======== INFORMATION GIVEN ========

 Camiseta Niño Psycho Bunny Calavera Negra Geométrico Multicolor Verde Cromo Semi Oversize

========
======== INFORMATION GIVEN ========

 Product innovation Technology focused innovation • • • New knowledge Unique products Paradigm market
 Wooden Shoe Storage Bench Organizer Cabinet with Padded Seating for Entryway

========

WORK TO BE COMPLETED - Could you reproduce, exactly, every line above from the line with "Product innovation Technology" to the line with "Wooden Shoe Storage", and no other line? Both ends count.

WRITTEN ANSWER -
 Product innovation Technology focused innovation • • • New knowledge Unique products Paradigm market
 Wooden Shoe Storage Bench Organizer Cabinet with Padded Seating for Entryway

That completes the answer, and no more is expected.